And it is also a day for a specific kind of music:

“Music in the family is the greatest help towards making Sunday pleasant; but here, again, it is, perhaps, well to avoid music which carries associations of passion and unrest” (Mason, 1989e, p. 212).

Charlotte Mason expects that the parents, not the schools, will be exposing the children to this flavor of reading, poetry, and music.

Even vacations are to be oriented towards family education. Mason devotes an entire chapter to this topic, explaining that “the whole secret of a successful holiday [is that] the mind must be actively, unceasingly, and involuntarily engaged with fresh and ever-changing interests” (Mason, 1989e, p. 132). Mason urges parents to refrain from lessons and homework during the vacation and let the atmosphere, surroundings, and Nature provide the education (Mason, 1989b, p. 193).

Fathers

To what extent is Mason’s call to parents a call to fathers? This is a natural question to ask. A brief glance at the covers of contemporary books about Charlotte Mason reveals that most of them include some kind of picture of a mother and a daughter. I am not aware of a single book about Charlotte Mason’s life or work that includes a picture of a father on the cover. This sampling of data may suggest that Mason’s call was primarily directed to mothers.
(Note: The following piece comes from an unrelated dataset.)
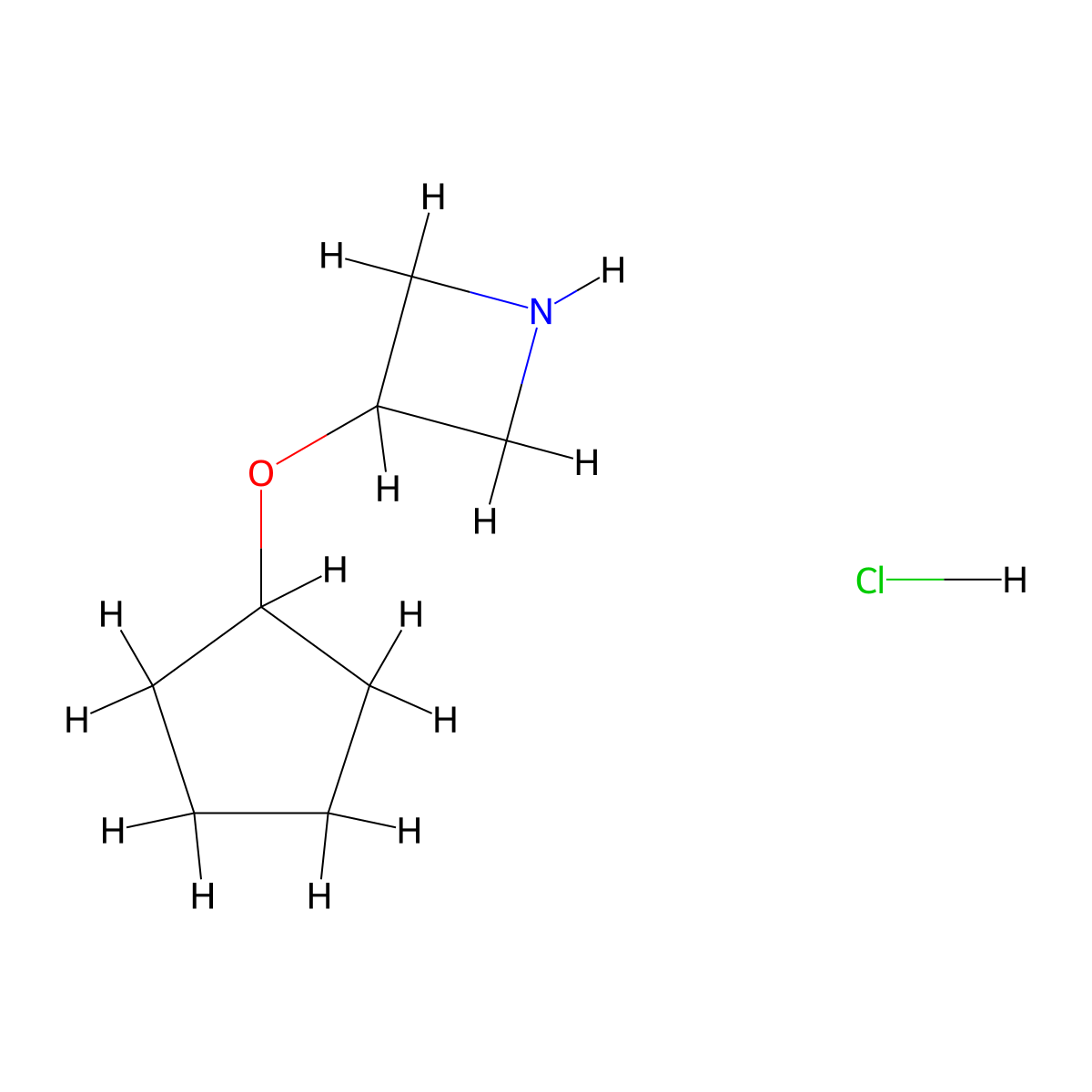 3-Cyclopentyloxyazetidine;hydrochloride molecular structure, CAS 2995289-61-5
However, a different sample of data yields a different conclusion.

Mason’s fifth volume, Formation of Character, includes the word parent 280 times, the word mother 260 times, and the word father 182 times. So Mason refers to parents collectively more often than she refers to mothers or fathers separately. Charlotte Mason’s call is to parents. Furthermore, if there are 182 references to the word father in a 450-page book, that means that father appears on almost every other page. And not all of those references to father are generic. For example, at one point she states explicitly, “Girls often fare well when their fathers have a hand in their education” (Mason, 1989e, p. 192).

Mason’s longest discussion about fathers in particular is found in Formation of Character. In this book she includes a 65-page exposition of the education of Johann Wolfgang von Goethe. (The treatment is so long that it could actually be published on its own as a small book.) In these pages, Mason describes how Goethe was homeschooled by his father:

“Young Goethe’s father, who delighted in teaching, instructed his children himself; and there are still exercises of the boy preserved in the Frankfurt library, in German, Latin, Greek, and French, written between his seventh and ninth years. These exercises show that the manner of instruction was immediate and interesting; the father dictating what had struck himself. . . [Goethe] never seems to have gone to school, except on one occasion, when the family house was being rebuilt and the children were sent out of the way” (Mason, 1989e, pp. 306-07).

Johann Caspar Goethe planned, designed, and delivered his son’s education at home.

The elder Goethe emanated an atmosphere of education. This began with his own delight in learning:

“[The father’s] love for the Italian language, and for everything concerning that land, was very outspoken. He often showed [the children] a little collection of marbles and natural objects which he had brought away with him” (Mason, 1989e, p. 314).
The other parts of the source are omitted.